# agent-validator

> Validate AI agents against production-level quality criteria with 0-100 scoring.
Use when evaluating agent quality, identifying bugs/gaps, or improving agents to expert level.
Evaluates agents across 9 categories: structure, role definition, methodology, user interaction,
quality standards, context management, technical robustness, pedagogical effectiveness (tutors),
and production readiness (operators). Returns actionable validation report with specific improvements.

- Author: Hafiz Naveed Uddin
- Repository: NAVEED261/Reusable-shop
- Version: 20260208190515
- Stars: 0
- Forks: 0
- Last Updated: 2026-02-08
- Source: https://github.com/NAVEED261/Reusable-shop
- Web: https://mule.run/skillshub/@@NAVEED261/Reusable-shop~agent-validator:20260208190515

---

---
name: agent-validator
description: |
  Validate AI agents against production-level quality criteria with 0-100 scoring.
  Use when evaluating agent quality, identifying bugs/gaps, or improving agents to expert level.
  Evaluates agents across 9 categories: structure, role definition, methodology, user interaction,
  quality standards, context management, technical robustness, pedagogical effectiveness (tutors),
  and production readiness (operators). Returns actionable validation report with specific improvements.
---

# Agent Validator

Systematically evaluate AI agents against production-level criteria and generate actionable improvement roadmaps.

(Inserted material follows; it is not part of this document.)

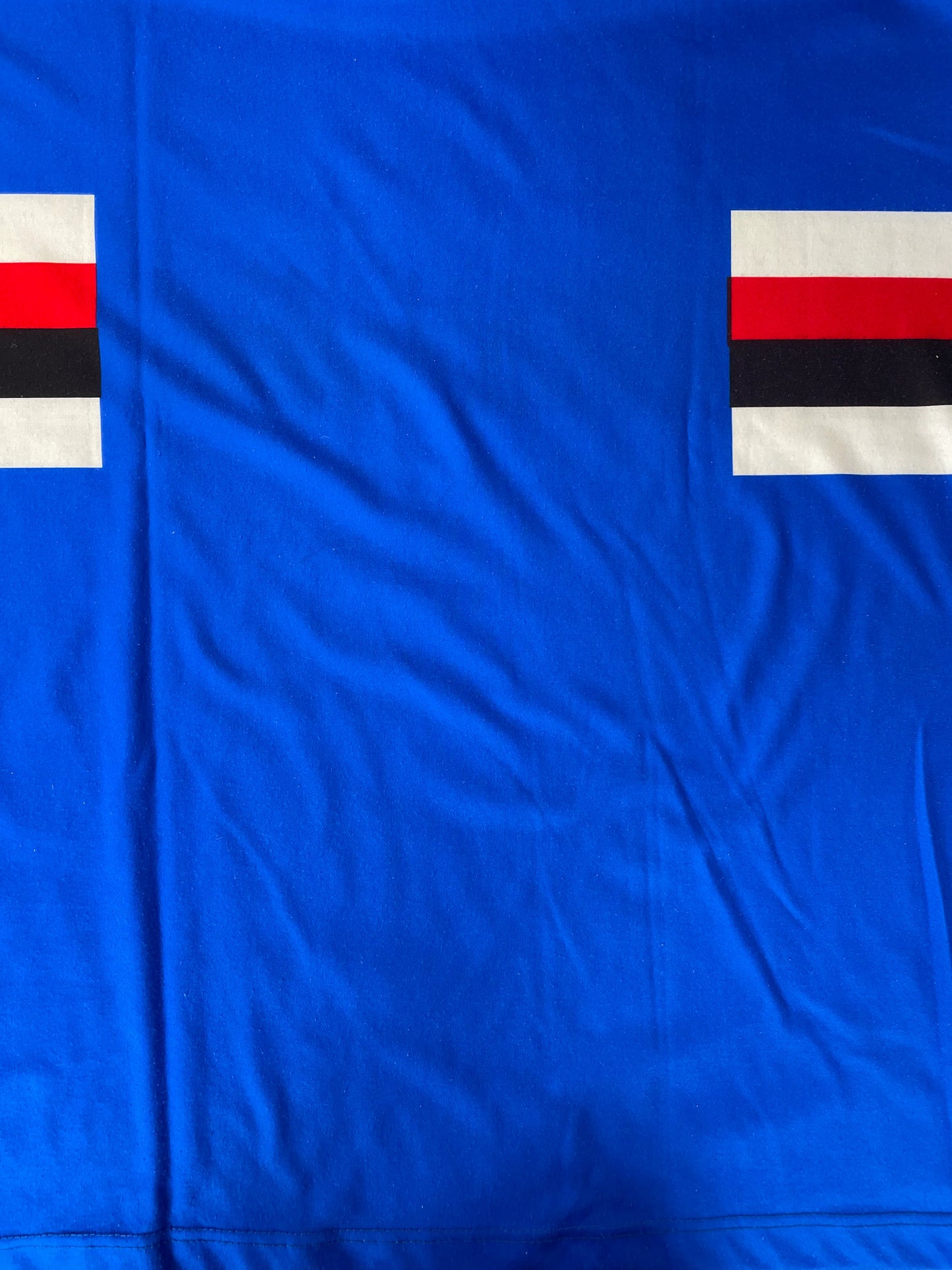 Store Shirt • Sampdoria • 1992 • Asics • Size L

## Validation Workflow (4 Phases)

### Phase 1: Gather Context (5 min)

1. **Read agent file** completely
2. **Identify agent pattern** from content analysis:
   - **Tutor Pattern**: Teaching, progressive learning, practice exercises, encouraging tone
   - **Architect Pattern**: Design workflows, quality verification, trade-off analysis
   - **Operator Pattern**: Production procedures, operational readiness, runbooks
3. **Estimate line count** (target: 70-174 lines for agents)
4. **Note frontmatter** (name, description, model, color, skills)
5. **Identify expertise domains** from role description

### Phase 2: Apply Criteria (20 min)

Evaluate against **9 categories** with dynamic weighting based on agent pattern.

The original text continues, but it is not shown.